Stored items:
----------------------------------------

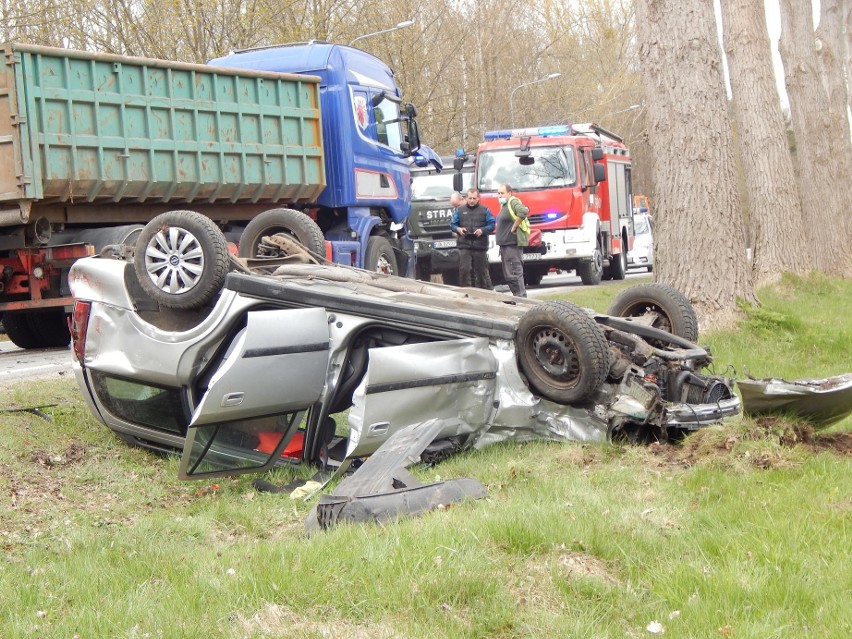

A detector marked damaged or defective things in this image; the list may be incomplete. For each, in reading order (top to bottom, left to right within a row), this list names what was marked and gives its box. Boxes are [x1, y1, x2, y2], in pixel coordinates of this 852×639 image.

overturned silver car [70, 210, 744, 528]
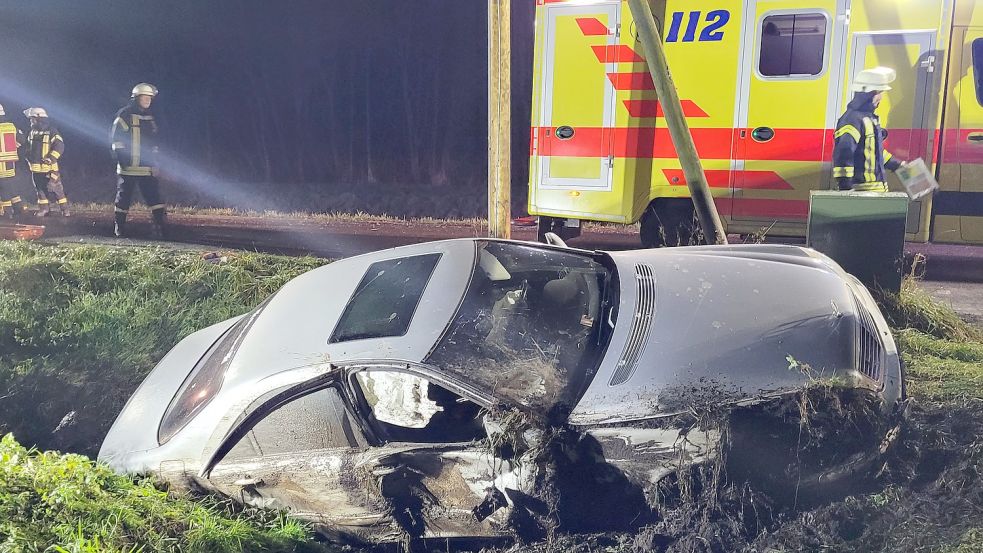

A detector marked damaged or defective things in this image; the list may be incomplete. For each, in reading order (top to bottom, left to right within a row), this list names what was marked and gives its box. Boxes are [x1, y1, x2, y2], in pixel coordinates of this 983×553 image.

damaged car door [202, 382, 402, 540]
damaged car door [350, 364, 540, 536]
wrecked silver car [96, 239, 904, 540]
shattered windshield [424, 240, 612, 414]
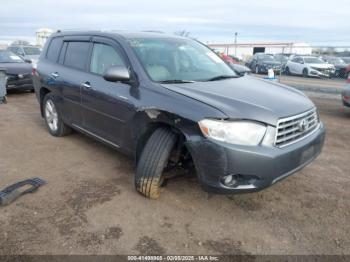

----------------------------------------

#### Task:
The records, exactly as written but without images, should be returned.

#### Worked solution:
A detector marked damaged or defective things in this image; the list may be incomplete. For each, in reading order (top to bottom, left to right within a row), this list names what was marked and gives its box. Boxes are [x1, y1, x2, y2], in pixel coordinates of this 852×639 image.

overturned silver car [70, 210, 744, 528]

A detector marked damaged or defective things in this image; the list may be incomplete. For each, in reading order (top to bottom, left to right within a row), this list names what was marked and gives its box. Boxes are [x1, y1, x2, y2], in pixel coordinates of this 983×553 image.

damaged car door [202, 382, 402, 540]
damaged car door [350, 364, 540, 536]
wrecked silver car [96, 239, 904, 540]
shattered windshield [424, 240, 612, 414]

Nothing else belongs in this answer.